That’s a new one! Did that early experience help you realize this was what you wanted to do professionally?
No, it was more roundabout than that. I was an art history major in college. After working for Simon Pearce one summer, I moved down to Greenwich, Connecticut, to open a store for them there. My mom had a big retail store in New Hampshire at the time—it was like Crate & Barrel or Williams-Sonoma before either of those were big—and I moved home to help her. I got really into merchandising, so my mom started to let me do all the buying. I was 22, going to New York four times a year. And one day, a guy walked into the store when I happened to be there, and after looking around, he goes, “I just love how everything feels and looks in here. Who put all of this together?” And I said, “Well, actually, me.” He said that he was building a house in Portsmouth, New Hampshire, and asked if he could hire me as his interior designer.

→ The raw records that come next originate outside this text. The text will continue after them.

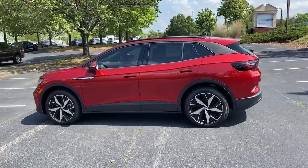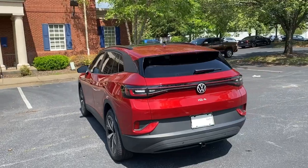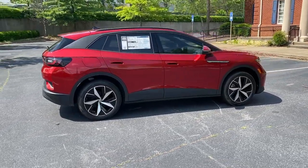This extraordinary EV brings you the comfort and versatility of an SUV, advanced driver assist safety features, touch screen controls, flexible charging options, and a generous range so you can drive boldly into the future.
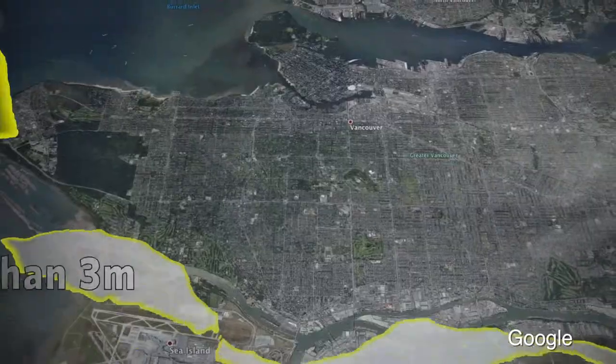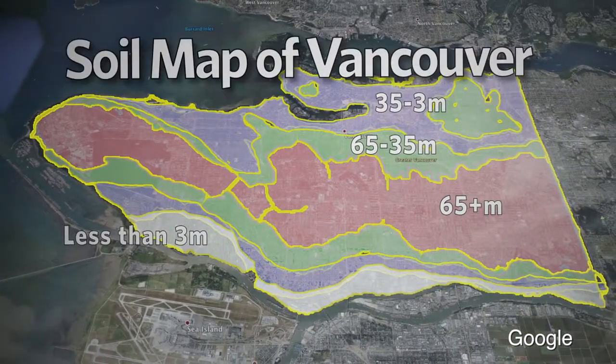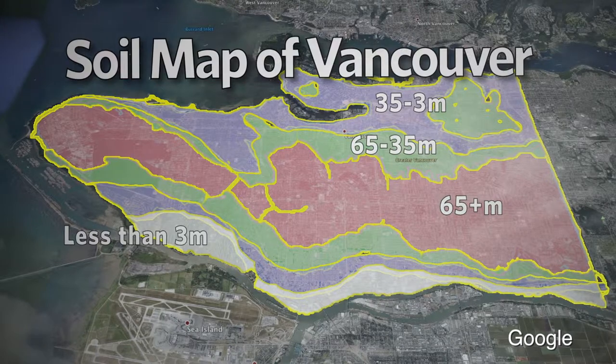This project is especially unique as previously soil maps had been limited to rural areas. With the growing interest of urban agriculture in the city of Vancouver, this map becomes highly relevant for food production to address issues of food security.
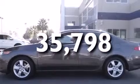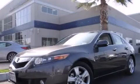This vehicle has less than 36,000 miles. It won't last long at this price — call and arrange a test drive now.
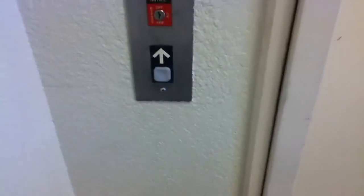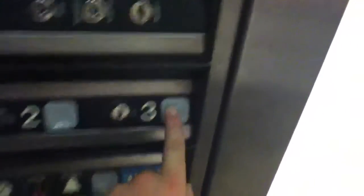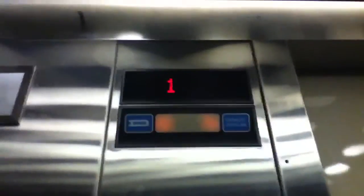Here we come to the elevator at the Grapevine Office Suites, and it's a Dover. Let's go up to three. Two. Empire got their hands on this. Let's go back down to one.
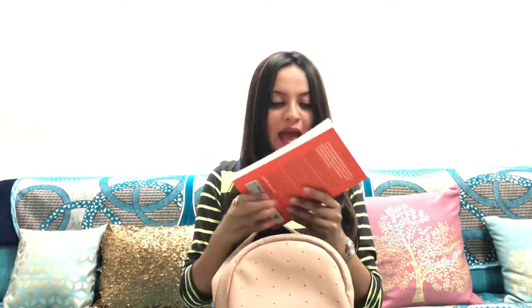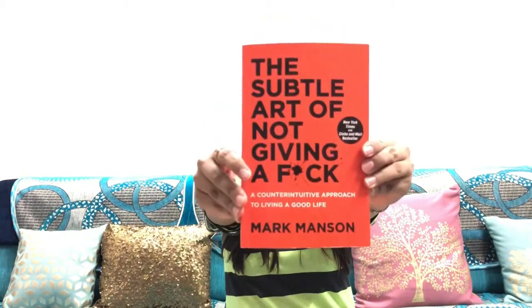So the first thing that I have in my bag is this book from Mark Manson — The Subtle Art of Not Giving a F***. I had an eye on this book for a long time, so I'm going to take it as my travel companion.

I’m a “yes” girl—I always joke that I need “no” tattooed on my forehead because it doesn’t come out of my mouth—so next thing I knew, I was working on this new-construction, ground-up interior design project. His then girlfriend, now wife is a very prominent architect in New Hampshire, so I got to know her through the project, and it was wonderful—totally soup to nuts. He was recently divorced, and all he brought to the house was his toothbrush. I helped him design the house, and then all of the interiors—everything down to the dishes. I got lucky, because I got to do high-end, ground-up builds from the get-go.
From that moment, you were hooked?
Shortly thereafter, I got engaged and then married, and my then husband sponsored me to do a designer showhouse in New London, New Hampshire. My mom and I did it together—by then, she was getting more into interior design after that big commercial project—and that’s when I started getting phone calls and picking up projects.
What I remember very specifically—and this is what has been really important for me to remember this past month—is knowing that I wanted a job where I could first and foremost be a mom. I had always wanted to be a mom who dropped my kids at school and picked them up every day, and who could take them on every field trip. I knew my job could not take me away from them, and interior design was perfect for that. So I always worked from home, and as my business grew and grew, I took my kids with me. I knew I was in trouble when I took Aiden, my oldest, to a job site right after he learned to walk. It was like, “Well, this is dangerous.” So after that, I had a nanny for 10 hours a week who would stay home with him when I had to go to job sites. But I always just told my clients, “If you want me, I’m a package deal. I have a baby strapped to my back.” And it worked. For a long time, I did two to three projects on my own every year, and then usually one with my mom.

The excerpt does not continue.